世界の海洋プラスチック廃棄物の9割は、わずか10の河川から流れ込んでいる

7/12(木) 18:06配信

ニューズウィーク日本版
──その川とは……

プラスチック廃棄物が海洋に流出し、海洋生態系を脅かすようになって久しい。現在も、世界全体で1年間に800万トン規模のプラスチック廃棄物が海洋に流れ込んでいるとみられている。

川の地図、動画はこちら

それでは、これらのプラスチック廃棄物は、いったいどこから海洋に流れ込んでいるのだろうか。
ヘルムホルツ環境研究センター(UFZ)の研究プロジェクトによると、海洋に流出しているプラスチック廃棄物のおよそ9割が、わずか10の河川から流れ込んでいるという。

■ 10の河川とは…

その流出源として挙げられているのが、中国の長江、黄河、海河、珠江、中国とロシアとの国境付近を流れるアムール川、東南アジアを縦断するメコン川、インドのインダス川とガンジス・デルタ、アフリカ大陸東北部から地中海へと流れるナイル川、西アフリカのニジェール川で、いずれの流域も比較的人口の多い地域として知られている。

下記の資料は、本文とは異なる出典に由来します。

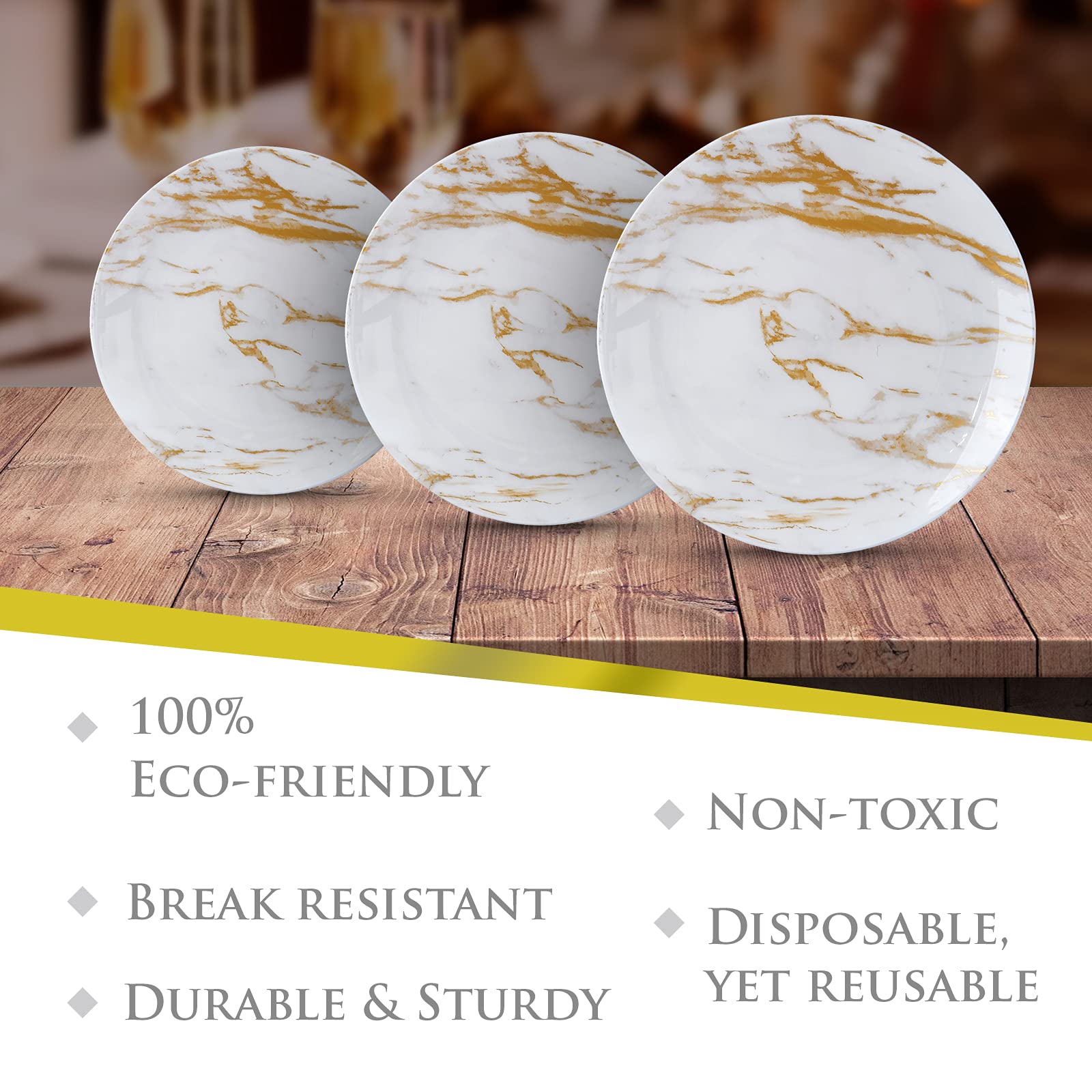 Elegant Gold Marble Design Disposable Salad Plates - Silver Spoons Carrara Marble Collection (9 Inch, 10 Pack) Perfect for Parties, Weddings & Elegant Dining Events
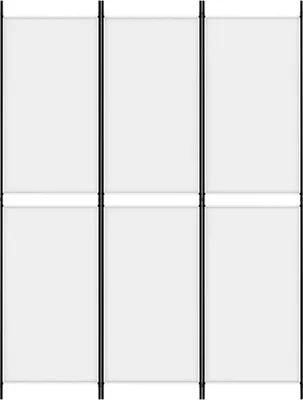 A white room divider with black frames.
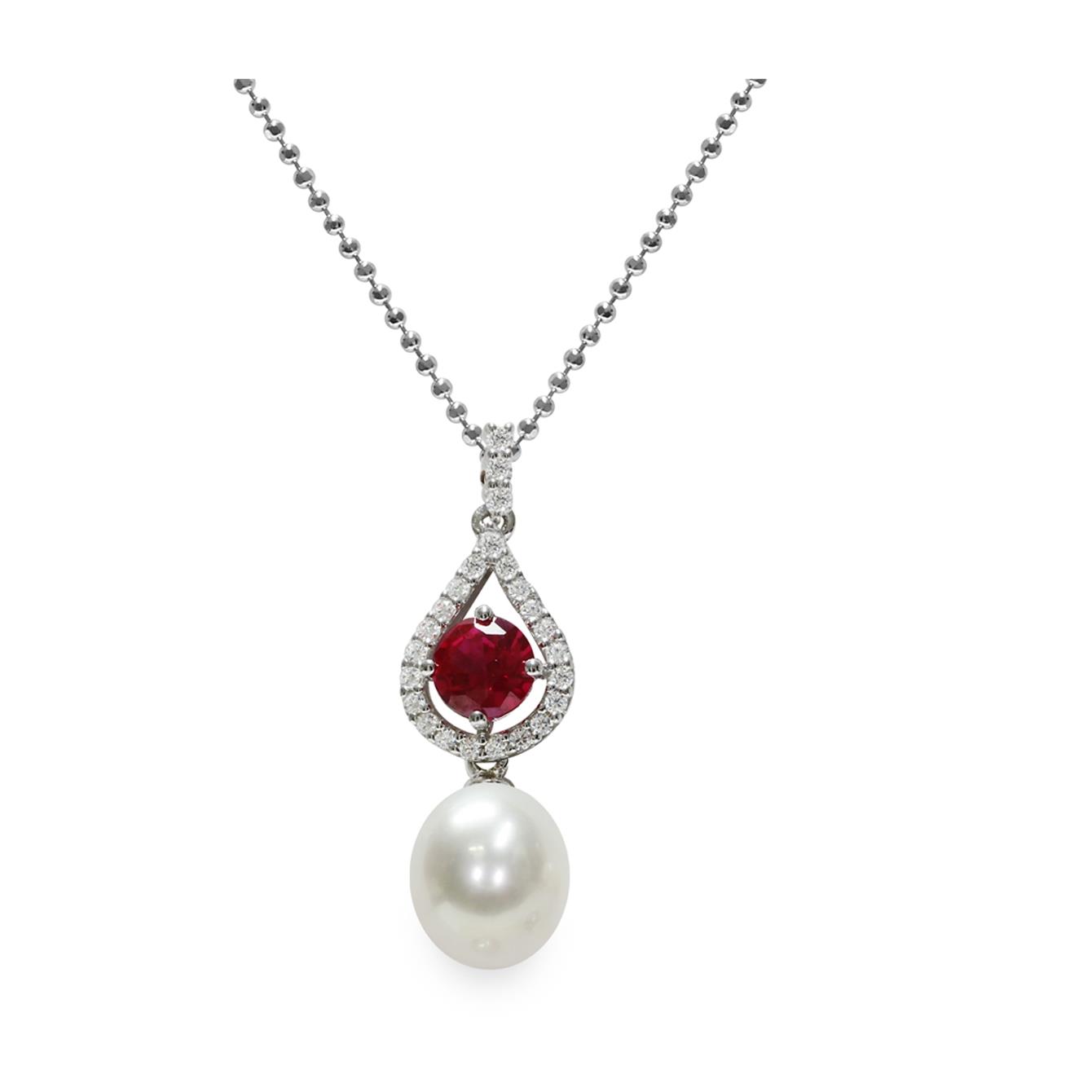 Collana con pendente perla, zirconi e rubino sintetico - MAYUMI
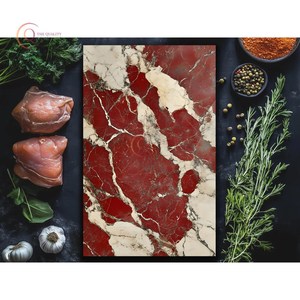 เขียงหินอ่อนโบราณดีไซน์เนอร์สำหรับเครื่องครัวเขียงทรงสี่เหลี่ยมผืนผ้าดีไซน์สีขาวและสีแดงหินอ่อน - Product Image 3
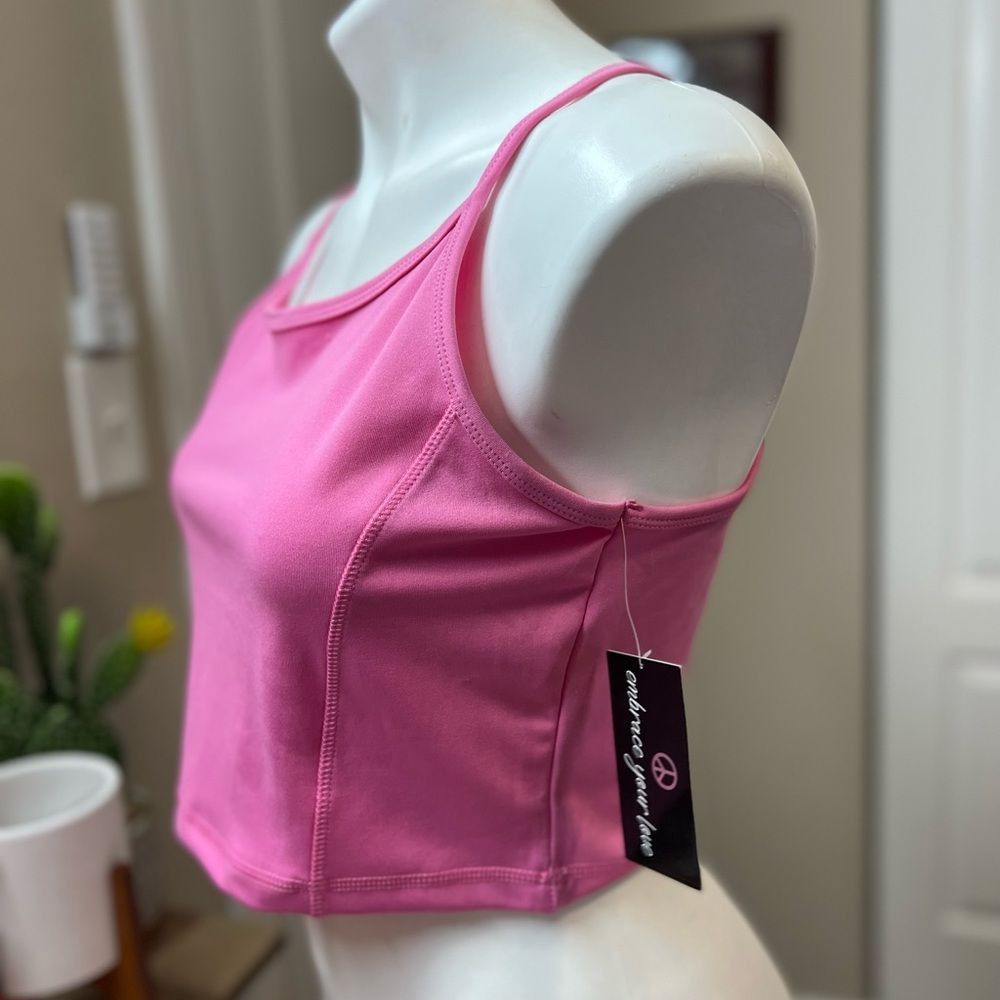 Other Athletic Sporty Pink Cropped Tank Top XL Stretch Activewear Size XL / US 12-14 / IT 48-50 - 2 Thumbnail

また、研究プロジェクトでは、プラスチック廃棄物の排出量とプラスチック廃棄物の不適切な処理との相関関係を分析し、流域で適正に処理されていない廃棄物が多いほど、河川から海に流出するプラスチック廃棄物の排出量が増えることを明らかにした。

研究プロジェクトを主導した水理地質学者のクリスチャン・シュミット博士は「これら主要な河川の流域からのプラスチック廃棄物の排出量を半減させるだけでも、海洋汚染の軽減に大きな効果をもたらす」と指摘。「そのためには、廃棄物の分別回収やリサイクルなど、廃棄物マネジメントの改善をはかるとともに、一般市民に向けた啓発活動を積極的に行うことが不可欠だ」と説いている。

■ 世界ではじまったプラスチック廃棄対策

いわずもがな、海洋に流出するプラスチック廃棄物の量を減らすことこそ、プラスチックによる海洋汚染の防止につながる最も有効な対策だ。

地球環境保護に先進的に取り組む米シアトル市では、2012年からプラスチック製レジ袋を禁じているほか、2018年7月1日、飲食店に対してプラスチック製のストローや容器、カップなどの消費者への提供を禁じる条例を定め、世界的な注目を集めた。

一方、欧州委員会では、EU加盟国に対して、プラスチック製レジ袋の消費量を2019年までに2010年比で80%削減するよう求めている。

また、新興国でも、同様の取り組みが始まっている。東アフリカのルワンダでは、すでに、レジ袋を禁じる法律が施行されている。

また、インドでは、2016年3月に「プラスチック廃棄物マネジメント法(PWM)」を定め、レジ袋の規格に制限を設けたほか、プラスチック廃棄物の回収・リサイクルの推進に国をあげて取り組んでいる。

プラスチック廃棄物の海洋流出をより効果的に食い止めるためには、この研究プロジェクトのように、プラスチック廃棄物の発生源や移動経路について科学的なアプローチからより詳しく解明していく必要もあるかもしれない。